Would you transcribe the listing exactly as it stands, minus any images?

=== AVAILABLE DATA ===

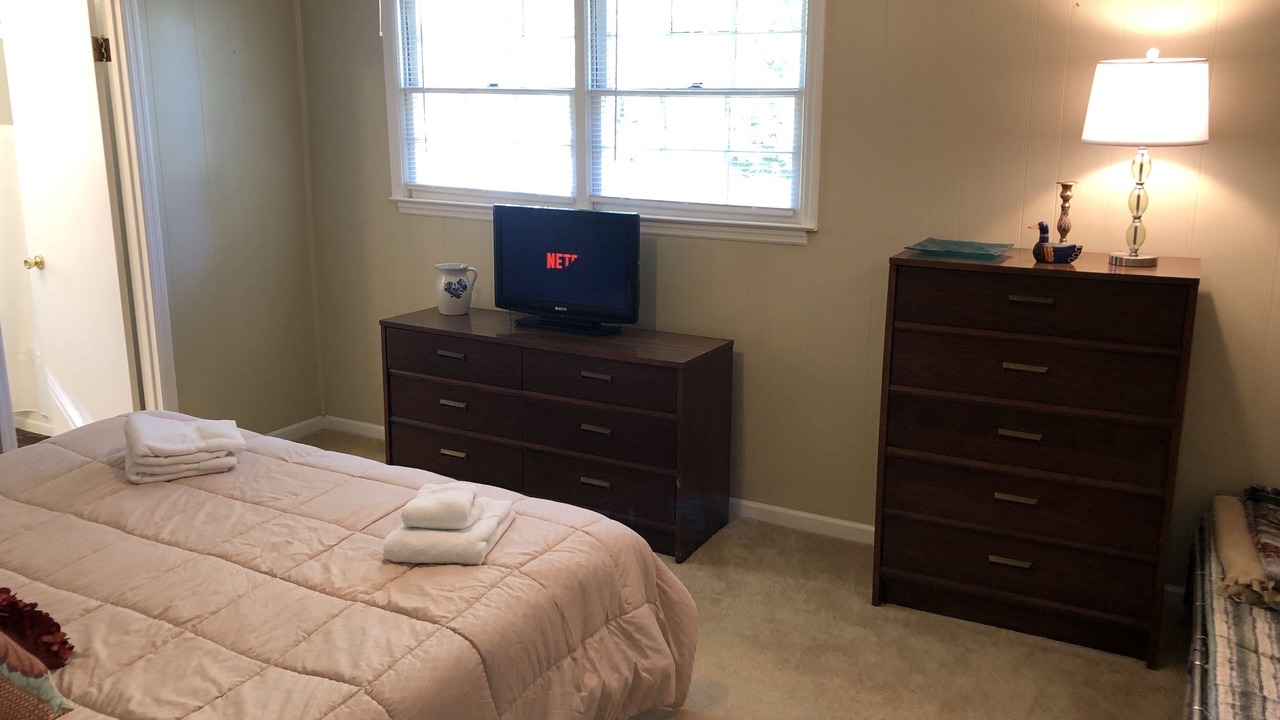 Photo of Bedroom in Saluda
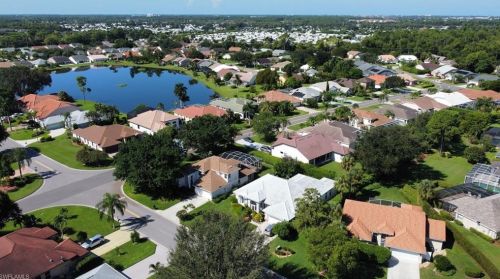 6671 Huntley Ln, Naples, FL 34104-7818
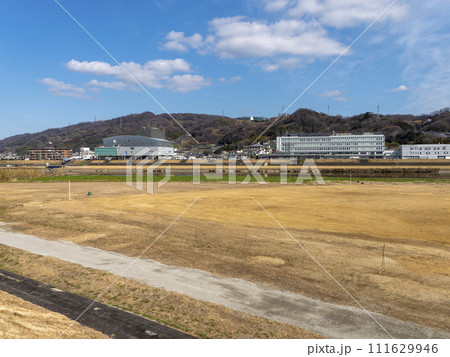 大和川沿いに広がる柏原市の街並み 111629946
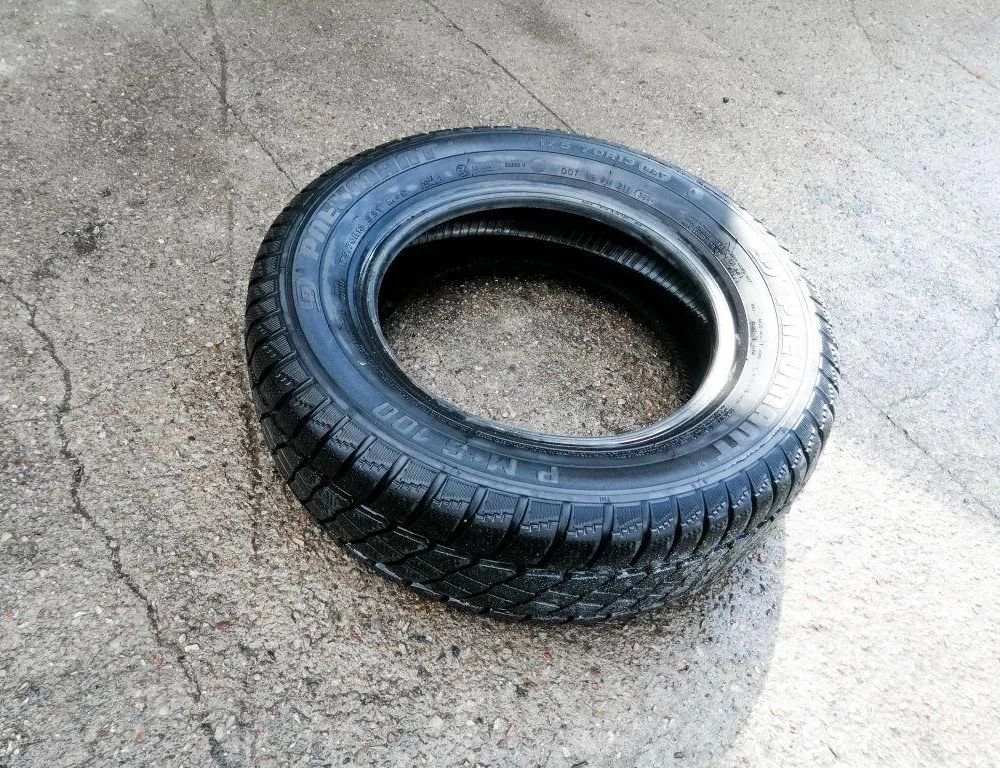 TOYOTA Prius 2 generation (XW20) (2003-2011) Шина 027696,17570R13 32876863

===

■ **YOUR SOLUTION**
 Photo of Bedroom in Saluda
 6671 Huntley Ln, Naples, FL 34104-7818
 大和川沿いに広がる柏原市の街並み 111629946
 TOYOTA Prius 2 generation (XW20) (2003-2011) Шина 027696,17570R13 32876863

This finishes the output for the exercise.